Toyota’s American development division has just revealed that they have had a top secret development program – codename ‘Project Portal’ – underway examining combining their hydrogen fuel cell drive technology that has just gone on sale in their Mirai sedan with a semi-truck. In fact the concept vehicle combines two of the Mirai’s fuel cells with a more powerful electric motor and shoehorns it all into a Kenworth 660 chassis.
So secret has the project been that even the suppliers for the program were in the dark as to what was going on and the whole thing has been compared to a project by the legendary Lockheed Skunkworks, who develop cutting edge military aircraft in utter secrecy.
Hydrogen fuel cells work by taking compressed hydrogen as fuel and passing it over a catalyst that strips some of the electrons, which creates an electrical charge. This then powers batteries and an electrical drive system, similar to a convention hybrid drive vehicle. The difference is that the leftover hydrogen then combines with oxygen in the air to form water, the only emission from running the vehicle.
It isn’t all plain sailing however. To produce the amount of hydrogen needed to run a worthwhile amount of vehicles would be massive, and that power still needs to be generated. The argument in favour of all-electric drive vehicles is that if you are charging vehicles straight for the grid you have less wastage in the power cycle; electric vehicles taking energy straight from the grid are more efficient than vehicles that use hydrogen and which use a fuel that has to be transported to fuelling points from factories where it first has to be produced with the consequent inefficiency in production.

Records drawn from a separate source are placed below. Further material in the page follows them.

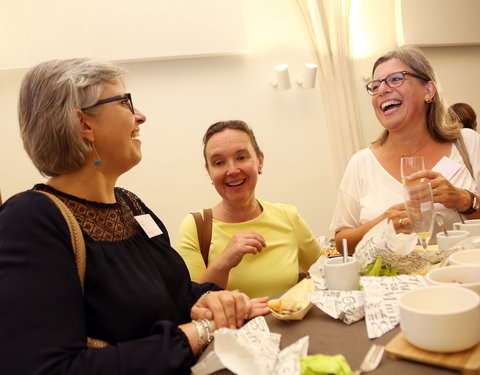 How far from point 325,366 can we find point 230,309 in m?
0.58

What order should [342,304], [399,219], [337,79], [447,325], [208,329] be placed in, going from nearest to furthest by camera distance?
1. [447,325]
2. [342,304]
3. [208,329]
4. [399,219]
5. [337,79]

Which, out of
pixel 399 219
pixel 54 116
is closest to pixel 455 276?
pixel 399 219

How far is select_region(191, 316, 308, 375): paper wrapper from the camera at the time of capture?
847 millimetres

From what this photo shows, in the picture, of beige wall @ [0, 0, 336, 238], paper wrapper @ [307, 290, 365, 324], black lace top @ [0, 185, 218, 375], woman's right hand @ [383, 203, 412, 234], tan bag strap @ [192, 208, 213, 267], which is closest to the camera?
black lace top @ [0, 185, 218, 375]

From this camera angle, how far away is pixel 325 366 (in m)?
0.80

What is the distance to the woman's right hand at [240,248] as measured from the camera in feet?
6.17

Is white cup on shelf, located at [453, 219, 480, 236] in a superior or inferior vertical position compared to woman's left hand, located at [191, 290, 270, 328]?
superior

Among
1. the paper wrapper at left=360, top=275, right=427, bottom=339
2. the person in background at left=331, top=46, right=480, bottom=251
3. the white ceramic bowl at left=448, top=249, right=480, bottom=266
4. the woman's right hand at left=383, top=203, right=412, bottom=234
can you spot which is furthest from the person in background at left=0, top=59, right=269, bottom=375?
the person in background at left=331, top=46, right=480, bottom=251

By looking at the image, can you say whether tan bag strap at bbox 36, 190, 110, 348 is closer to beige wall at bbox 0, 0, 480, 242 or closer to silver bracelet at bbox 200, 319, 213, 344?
silver bracelet at bbox 200, 319, 213, 344

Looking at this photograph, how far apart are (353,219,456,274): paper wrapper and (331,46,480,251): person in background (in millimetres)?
804

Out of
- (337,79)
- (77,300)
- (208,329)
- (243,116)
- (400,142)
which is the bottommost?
(208,329)

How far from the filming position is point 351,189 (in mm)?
2543

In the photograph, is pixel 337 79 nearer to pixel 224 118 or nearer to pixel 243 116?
pixel 243 116

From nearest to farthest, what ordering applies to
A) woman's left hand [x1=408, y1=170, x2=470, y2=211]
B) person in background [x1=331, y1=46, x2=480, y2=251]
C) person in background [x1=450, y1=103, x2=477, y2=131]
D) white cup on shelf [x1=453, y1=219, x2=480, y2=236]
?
white cup on shelf [x1=453, y1=219, x2=480, y2=236] < woman's left hand [x1=408, y1=170, x2=470, y2=211] < person in background [x1=331, y1=46, x2=480, y2=251] < person in background [x1=450, y1=103, x2=477, y2=131] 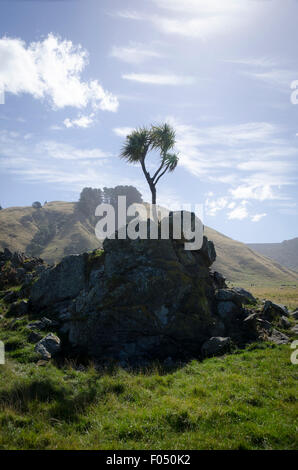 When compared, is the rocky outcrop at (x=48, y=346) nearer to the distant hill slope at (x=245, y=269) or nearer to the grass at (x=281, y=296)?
the grass at (x=281, y=296)

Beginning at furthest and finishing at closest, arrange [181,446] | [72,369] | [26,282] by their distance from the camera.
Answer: [26,282] < [72,369] < [181,446]

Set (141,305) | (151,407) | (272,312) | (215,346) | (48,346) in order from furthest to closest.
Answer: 1. (272,312)
2. (141,305)
3. (215,346)
4. (48,346)
5. (151,407)

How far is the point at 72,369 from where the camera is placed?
1202 cm

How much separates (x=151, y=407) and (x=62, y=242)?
6344 inches

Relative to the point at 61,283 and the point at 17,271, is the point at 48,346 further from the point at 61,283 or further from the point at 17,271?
the point at 17,271

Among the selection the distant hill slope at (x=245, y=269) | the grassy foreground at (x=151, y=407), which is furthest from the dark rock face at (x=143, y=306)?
the distant hill slope at (x=245, y=269)

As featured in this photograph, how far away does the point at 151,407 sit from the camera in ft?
29.6

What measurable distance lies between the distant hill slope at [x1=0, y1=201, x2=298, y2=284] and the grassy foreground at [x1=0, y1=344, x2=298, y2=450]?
131 metres

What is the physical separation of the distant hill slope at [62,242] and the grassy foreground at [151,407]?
131171mm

It was these factors that led Elon Musk to state that he considered the concept of hydrogen fuel celled vehicles as ‘very silly’, however, fuel cells do have the promise at this time of providing both rapid refuelling of vehicles and better range between replenishments, currently major issues with electric vehicles. As was pointed out in our previous article, these factors are probably going to be the key decider in which way members of the road freight community go in their future planning and purchases.
It’s looking like we are approaching a VHS versus Betamax moment, where the market will have to choose which fuel source is going to power our freight vehicles for, well, certainly the foreseeable future. With stakes as high as that we can expect to see a rash of technological evolutions in the near future as the developers and manufacturers look to gain the higher ground and guarantee their own chosen vision of the future.